Data ->

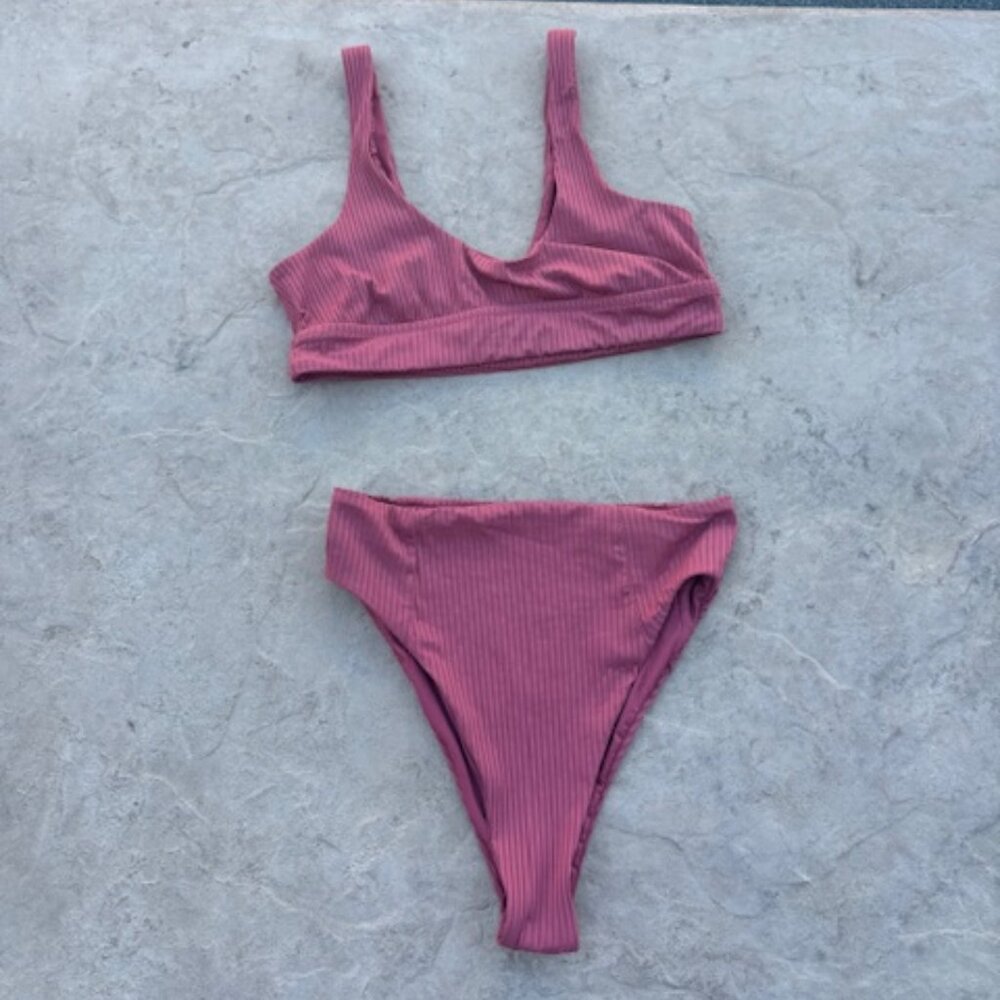 Vitamin A - Sienna Havana Rose EcoRib High Waist Bottom & Tank - M8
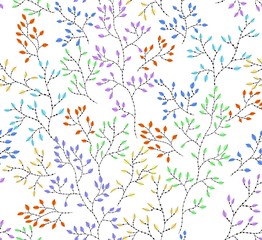 Color the branches of trees. White vector background seamless.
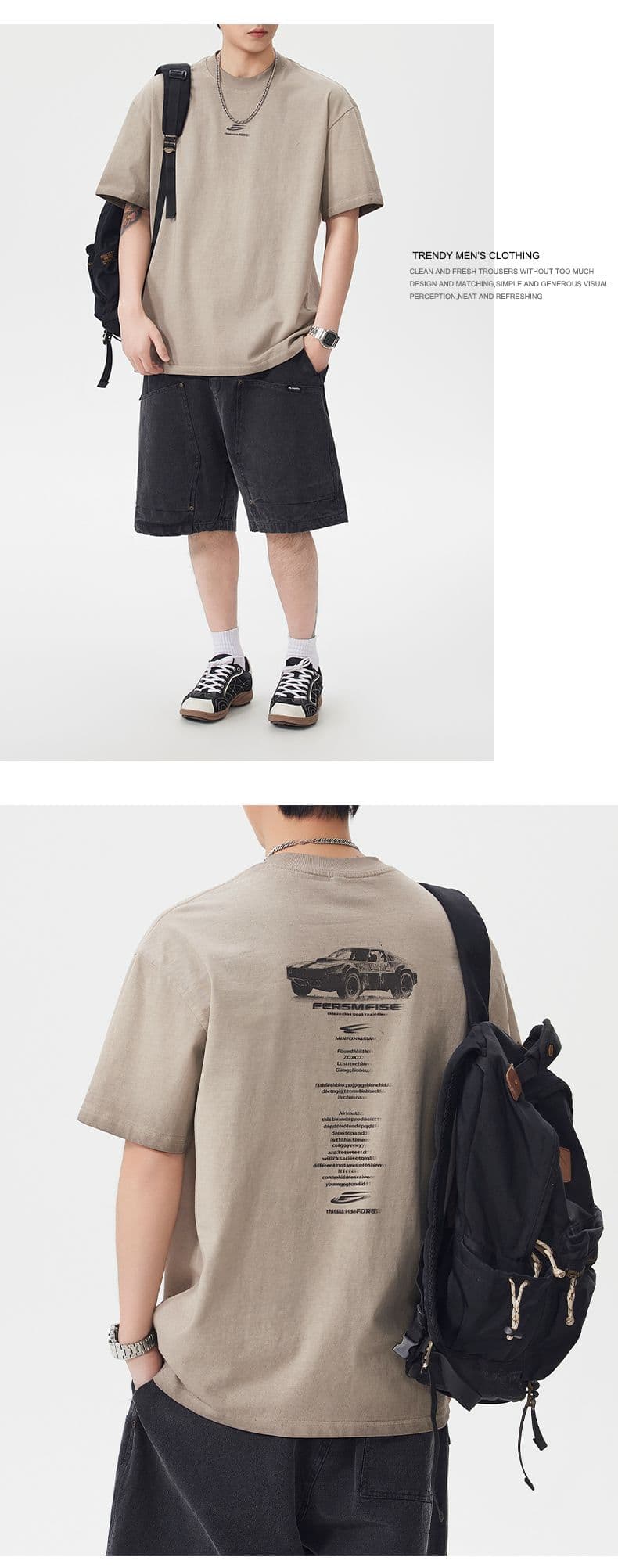 실사 여름 새로운 아메리칸 조수 브랜드 무거운 워싱 면 반팔 남자 부드러운 찹쌀 통기성 기초 미니멀리즘 출퇴근 섹션 상세 이미지 7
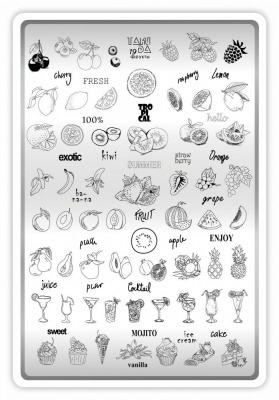 Пластина для стемпинга TAKIDA 19 "Фрукты"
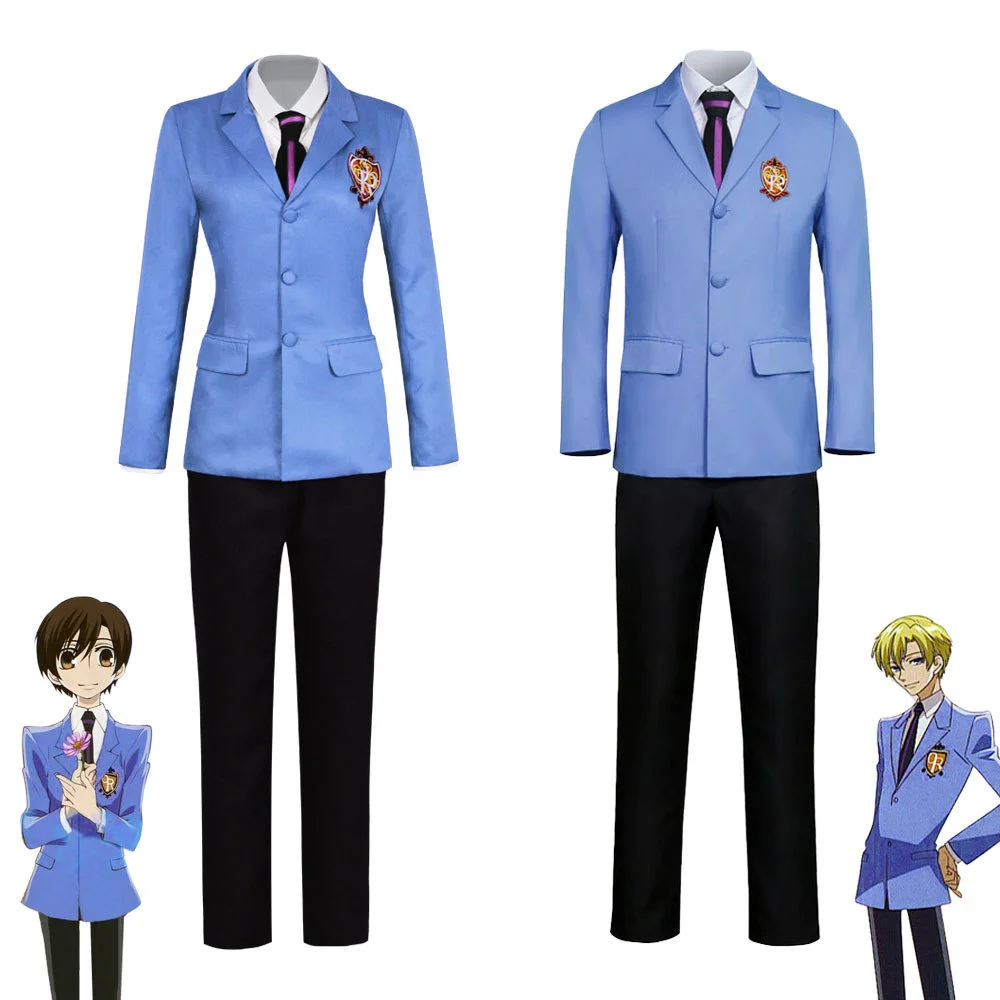 Disfraz de Anime Fujioka Haruhi, disfraz de Ouran, Club de presentador de escuela secundaria, uniformes escolares para niños y niñas, traje de uniforme Suou Tamaki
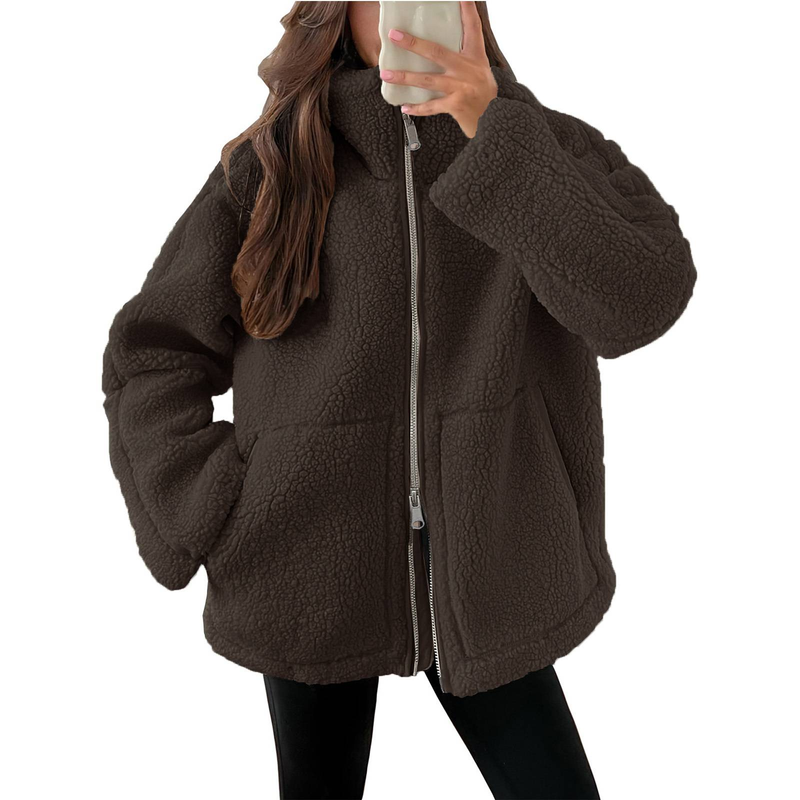 Winter Chic Mädchen Lamm Fleece Damen Kurze Jacke Reißverschluss Langarm Tasche Warmer Mantel Mode High Street Weibliche Oberbekleidung_voghion.com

How to complete this task ->
Set down, in exact form, only the lines that start at the one containing "실사 여름 새로운 아메리칸" and finish at the last line of the material; pictures do not go in.

Solution below ->
 실사 여름 새로운 아메리칸 조수 브랜드 무거운 워싱 면 반팔 남자 부드러운 찹쌀 통기성 기초 미니멀리즘 출퇴근 섹션 상세 이미지 7
 Пластина для стемпинга TAKIDA 19 "Фрукты"
 Disfraz de Anime Fujioka Haruhi, disfraz de Ouran, Club de presentador de escuela secundaria, uniformes escolares para niños y niñas, traje de uniforme Suou Tamaki
 Winter Chic Mädchen Lamm Fleece Damen Kurze Jacke Reißverschluss Langarm Tasche Warmer Mantel Mode High Street Weibliche Oberbekleidung_voghion.com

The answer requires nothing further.